I am connected with the World Council of the Churches, and its work of the dialogue with people of other faiths since 1954. But on the part of the European Christianity in particular, I still find a certain fearfulness to engage in a full dialogue with other religions. They fear that holding conversations with other religions means a compromise concerning their own convictions. I can guarantee you that in the World Council of the Churches this has been a very restraining factor. We could have already gone much farther in the dialogue if the European Christianity had not so strongly braked. I consider the IRFWF a very useful forum for two reasons. First of all: the IRFWF is not reserved. It is ready to face the consequences, and always it looks courageously at the arena of the world religions without fear. Secondly: I noticed that Christians usually exercise strict control in the dialogue meetings they organize. They decide which persons are invited, they select the topics and the discussions follow very exactly. Non-Christians feel very much restrained because the Christians dominate these meetings according to their categories and their agenda. The flexibility of the IRFWF is an aspect which I have from the outset valued. The IRFWF lets the leaders of other religions take the initiative instead of requiring to adapt to a model determined by Christians.

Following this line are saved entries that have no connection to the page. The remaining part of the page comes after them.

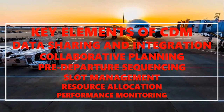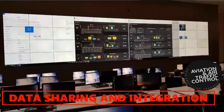Airport collaborative decision making relies on real-time data sharing and integration between all stakeholders. This includes information on flight schedules, aircraft movements, weather conditions, runway availability, gate assignments, and more.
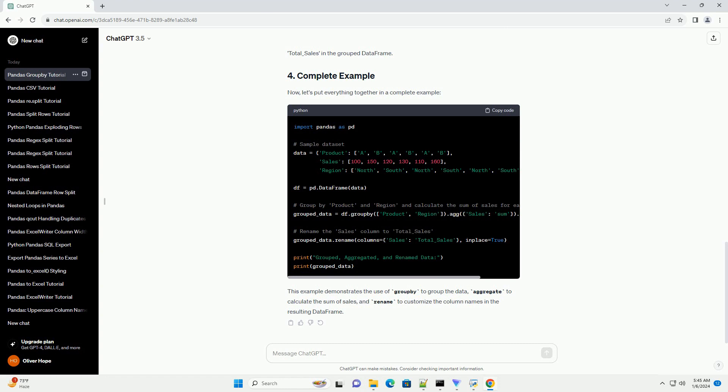Now, let's rename the Sales column to Total_Sales. Here, the Rename function is used to change the name of the Sales column to Total_Sales in the grouped data frame.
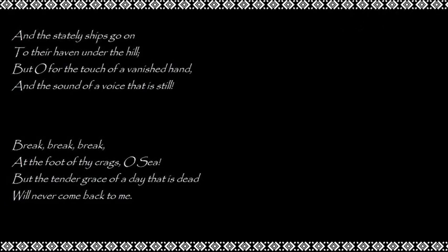And the stately ships go on To their haven under the hill, But, oh, for the touch of a banished hand And the sound of a voice that is still.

From these two reasons, I have become an inspired proponent of the recently created Inter-religious Federation for the World Peace. I am a proponent, but I do not express yet the official aspect of this organization, which is not yet exactly formulated. I hope that we agree on the fundamental structure and orientation of the IRFWF only after extensive discussions with representatives of other religions.

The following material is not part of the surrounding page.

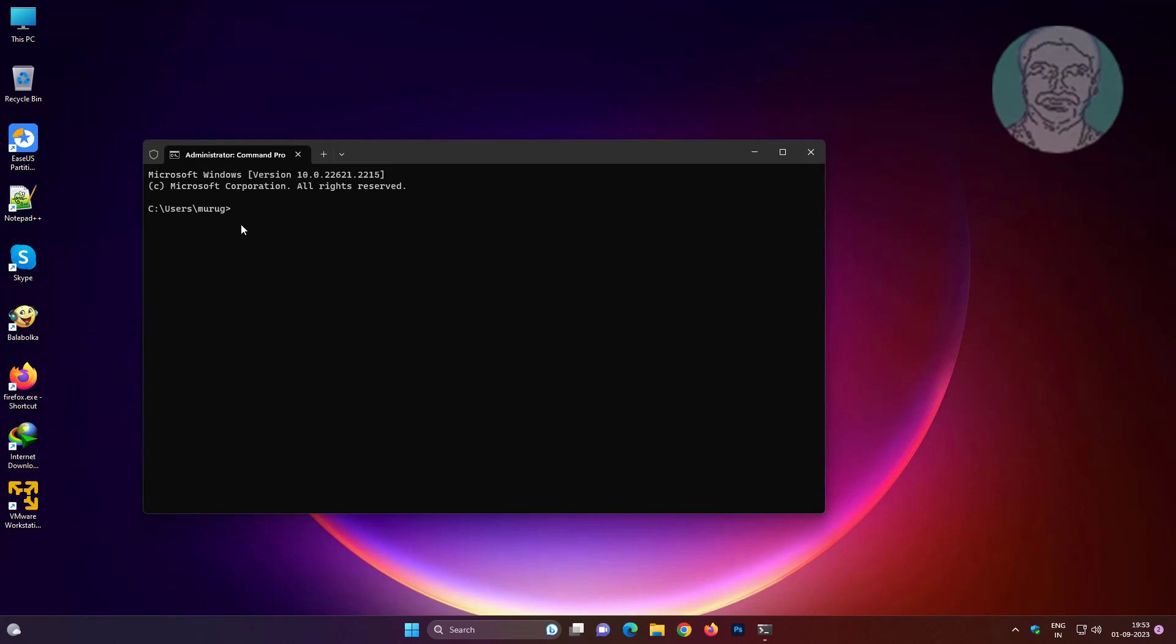Copy text from description and paste it. If you want to restore defaults, only change disabled to normal.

Secondly, I would like to stress how misleading the word dialogue can be. I asked some of my friends, very educated people, what they understand by the word "dialogue". To my surprise some answered that dialogue means that two humans converse with each other. I think that dialogue does not have to do anything with two. The "dia" in dialogue does not have anything to do with duo, which means two. It means "dialeghe", i.e. speaks, maintains, and argues themselves, as all the aspects of a problem are regarded, whereby one corrects oneself and mutually and continues together. The ecumenical dialogue was introduced with the second Vatican Council. Pope Paul VI attached great importance to dialogue both with the Orthodox Church and with other Christians.

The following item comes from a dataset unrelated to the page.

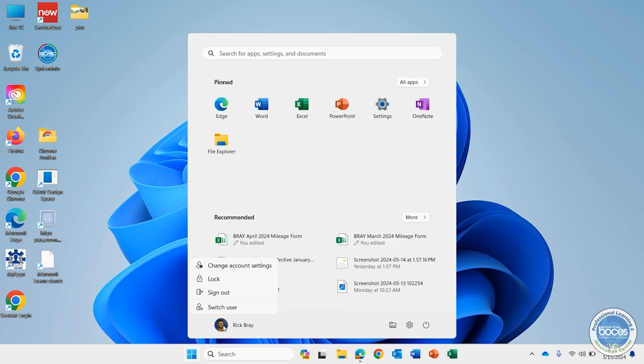But that is how you can turn off your Windows 11 machine.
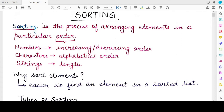Hello students, welcome back to my channel. In this video, we will study about sorting. This is the new chapter from your class 12th NCERT computer science book. So let's get started with what is sorting and the types of sorting that we have to study.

The actual meaning of dialogue is finding a common way by solving the problems which we confront and those which we ourselves make. Dialogue means to meet, move forward together, and not just to talk with one another. It also means to recognize our ultimate goals, and to move together toward it. That is what I would like to see in connection with inter-religious relations.

Dialogue as mission method?

Thirdly there is also a theological problem for Christians regarding the relationship between mission and dialogue. In the World Council of the Churches we have used much ink and still more words because of this antagonism between mission and dialogue. The problem is often solved as the dialogue is subordinated to mission, which creates large problems for the non-Christians. I remember a dialogue with Hindus in the Himalayas a long time ago in 1955. I was still rather young, and everything was quite new for me. During a coffee break (where the real dialogue takes place), a Hindu professor said to me: "You seem to be an honest man, can I ask you a question? Now you Christians talk about dialogue. Is this because your evangelization failed in the past and you want to try a new tactics?" I think that his comment applies to the dialogue of the Christians with other religions. Because we were not successful in our mission, we try now to create communication by dialogue. Many official explanations of Christians suggest this.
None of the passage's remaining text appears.